First ,we can get rid of denominators, by noticing that $\frac{1}{x^2+5} \leq \frac{4-x}{18}$ for any $x\in [0,2]$ (indeed, we have $$ (4-x)(x^2+5)-18=((x-1)^2)(2-x) \geq 0 \tag{1} $$

So it will suffice to show that the number

$$ f(a,b,c)=a(4-b)+b(4-c)+c(4-a) \tag{2} $$

is $\leq 9$. Note that $f(a,b,c)=4(a+b+c)-(ab+ac+bc)$ is fully symmetric in $a,b,c$.

We need a “lower-dimensional” result :

Lemma. Let $\alpha,\beta$ be two positive numbers such that $\alpha^3+\beta^3=2$. Then $\alpha(3-\beta)+\beta(3-\alpha) \leq 4$, with equality iff $\alpha=\beta=1$.
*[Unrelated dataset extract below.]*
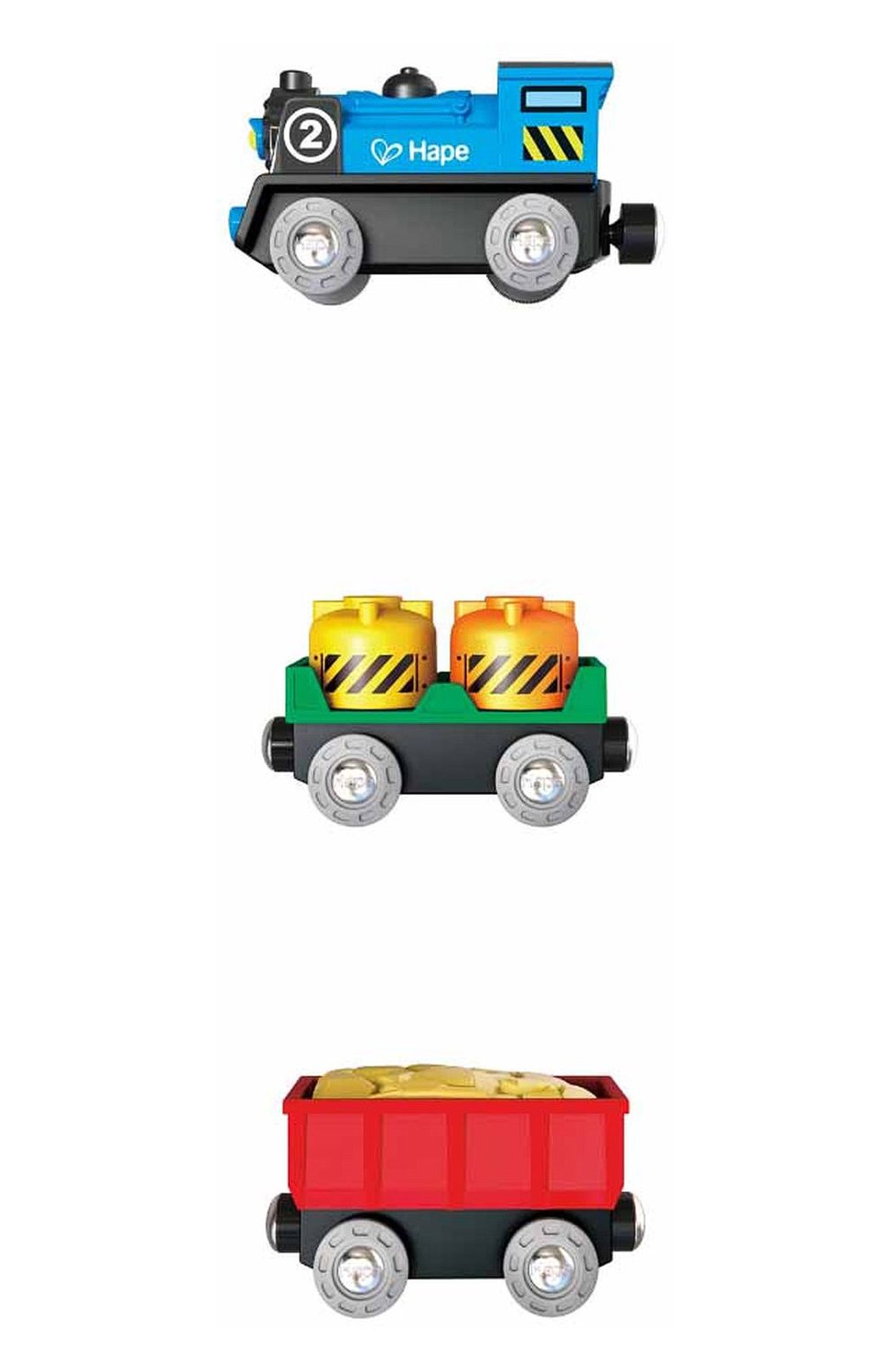 Игрушка товарный поезд HAPE, арт. E3720_HP, фото 3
Proof of lemma The proposed inequality is equivalent to $\beta(3-2\alpha) \leq 4-3\alpha$, or $(2-\alpha^3)(3-2\alpha)^3 \leq (4-3\alpha)^3$. Now

$$ (4-3\alpha)^3-(2-\alpha^3)(3-2\alpha)^3=(\alpha-1)^4 \bigg(\frac{42}{25}+ \big(\frac{13}{10}-\alpha\big)\big(8\alpha+\frac{32}{5}\big)\bigg), $$

which concludes the proof of the lemma.

Now let $a,b,c$ be positive numbers with $a^3+b^3+c^3=1$. Set $t=\big(\frac{b^3+c^3}{2}\big)^{\frac{1}{3}}$, so that $b^3+c^3=2t^3$. Then the numbers $\alpha=\frac{b}{t}$ and $\beta=\frac{c}{t}$ satisfy the hypotheses of the lemma ; we deduce

$$ b(3t-c)+c(3t-b) \leq 4t^2, \ \text{with equality iff } \ b=c=t \tag{3} $$

This means that

$$ f(a,b,c) \leq f(a,t,t), \ \text{with equality iff } \ b=c=t \tag{4} $$

The set $K=\lbrace (a,b,c) \in [0,+\infty[^3 | a^3+b^3+c^3=1\rbrace$ is compact, so the continuous map $f$ attains its maximum on $K$ at some point $(a_0,b_0,c_0)$. Then (4) shows that we must have $b_0=c_0$, and by symmetry $a_0=b_0=c_0=1$, qed.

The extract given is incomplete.